Man vergisst es oft im Leben: Mitten am Tag, während ich die Zähne putze oder auf dem Wochenmarkt einkaufe, während ich ins Kino gehe oder spazieren, während ich also ganz normal mein Leben lebe, stirbt irgendwo ein Mensch, sterbe irgendwann auch ich. Hinter Fenstern in der Großstadt, in den Häusern auf dem Land wird nicht nur geliebt und gelacht, gestritten oder ferngesehen, es wird auch gestorben. Zuhause, im Krankenhaus oder Hospiz. Manchmal geht es schnell, oft dauert es lange.
Angehörige, Pflegende oder Freunde halten vielleicht die Hände, tupfen den Schweiß, befeuchten die Lippen, flüstern leise. Und dann ist es plötzlich still im Sterbezimmer, während anderswo das Leben weitergeht, das so kostbar und endlich ist.
An all die Menschen, deren Leben jetzt gerade zu Ende geht – an diejenigen, die dafür sorgen, dass Menschen würdevoll und so schmerz- und angstfrei wie möglich aus dieser Welt gehen können, an alle, deren Herz vor Trauer gerade bricht, denke ich jetzt. Wir tun es viel zu selten. Heute ist ein guter Tag – zwischen einem normalen Sonnabend und Ewigkeitssonntag, wie der Totensonntag morgen im christlichen Kirchenjahr heißt.

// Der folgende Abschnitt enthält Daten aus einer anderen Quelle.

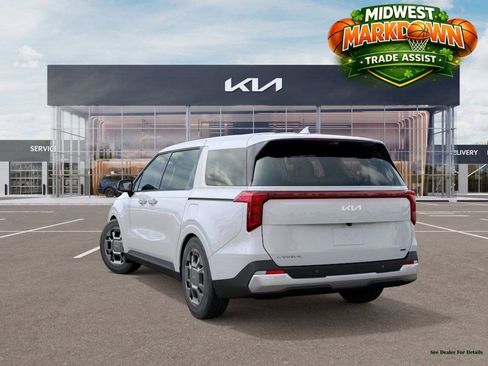 New 2026 Kia Carnival EX image 4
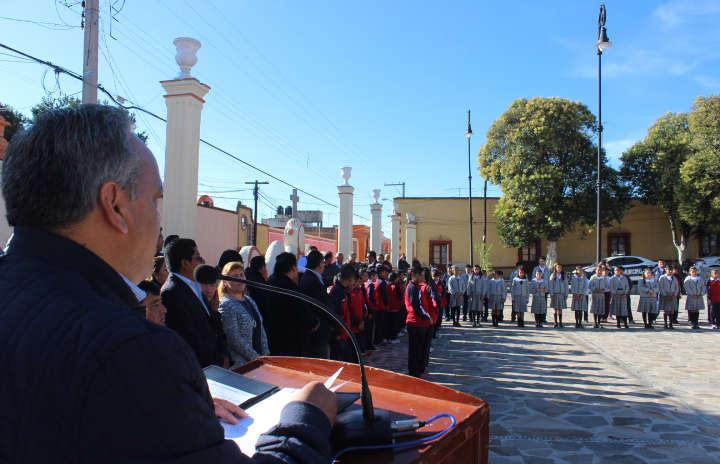 Entrega Alcalde de Huamantla rehabilitación de Plazuela histórica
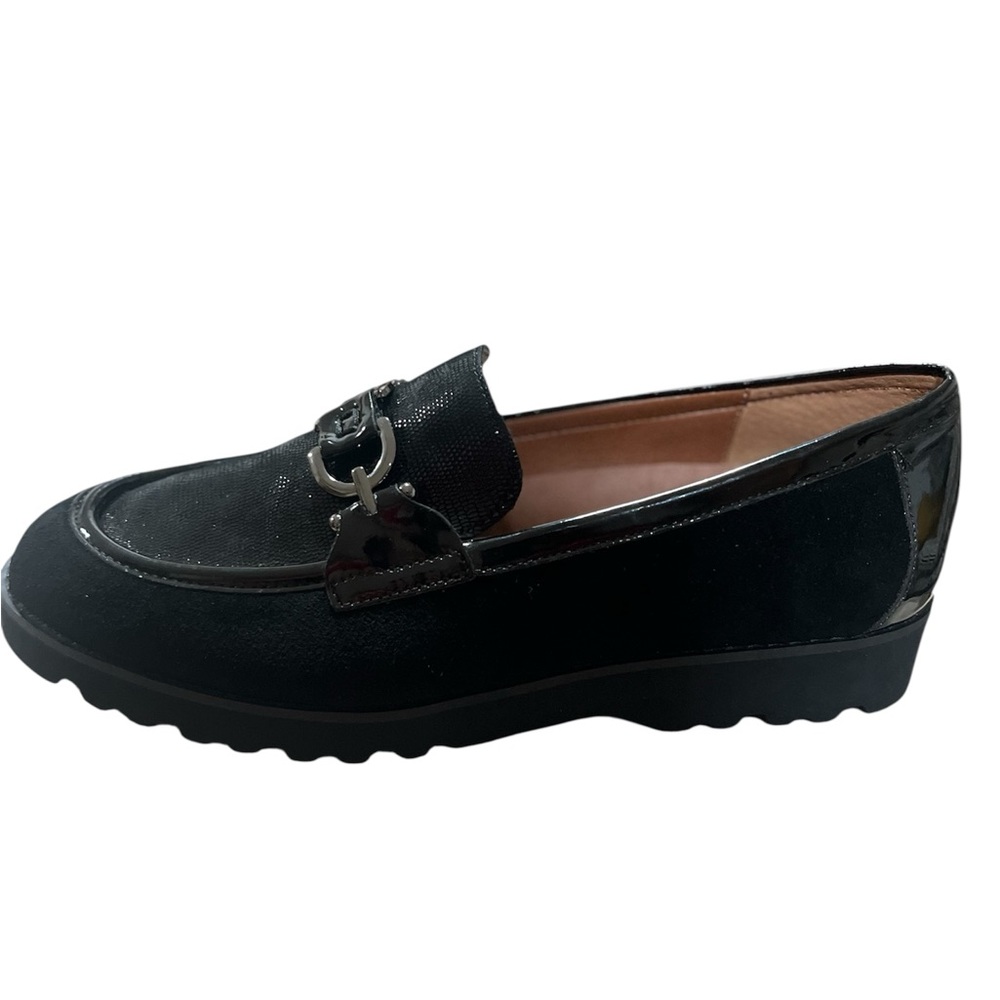 Donald J Pliner Clio Loafers | Women’s 9.5 US | Classic Chic Leather Slip-Ons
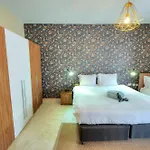 Luxury & Spacious 3 Bedroom Seafront, Balcony Yhai1-1 Apartment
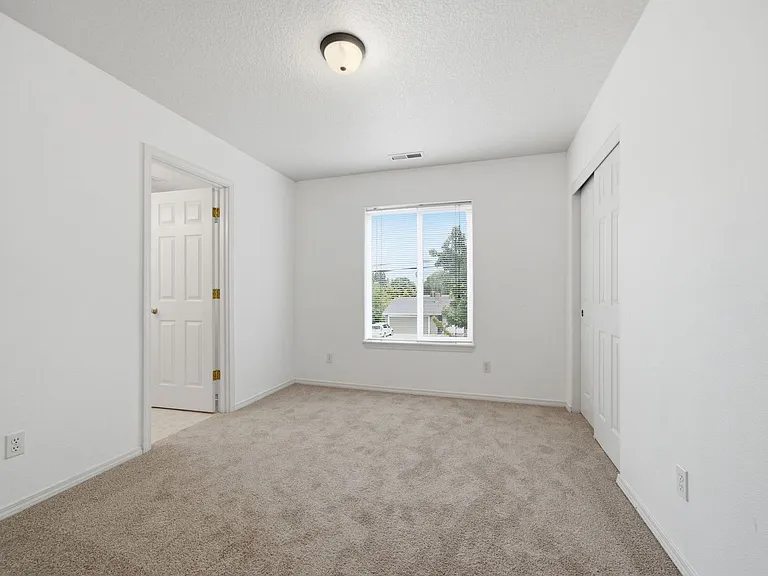 1499 NE Birkshire Ct — Photo 20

Ich berge mich in diesem Tag, denn ich habe einen Menschen verloren in diesem Jahr, der ein Teil von mir war. Es ist wie ein Schnitt, der durch mein Leben geht, und ich bin aus dem Tritt geraten. Ich irrlichtere irgendwie durch mein Leben und blicke wie eine Fremde auf das Gewohnte. Die letzten Stunden stehen mir vor Augen – das Unfassbare, das geschieht, wenn der Tod den Raum betritt. Ich werde ein Licht am Grab anzünden, ein Ort, wo die Trauer Raum hat und die nötige Ruhe.
Ja, wir sind dazwischen: zwischen Tod und Ewigkeit. Um den Tod weiß ich – auf die Ewigkeit hoffe ich. Und weil mir die Worte dafür fehlen, nehme ich sie aus einem Gebet von Dietrich Bonhoeffer, das uns verbindet mit unseren Toten. Es mag sie begleiten, falls auch sie trauern und dazwischen sind wie ich:
Lass warm und hell die Kerzen heute flammen, die du in unsre Dunkelheit gebracht.
Führ, wenn es sein kann, wieder uns zusammen.
Wir wissen es, Dein Licht scheint in der Nacht.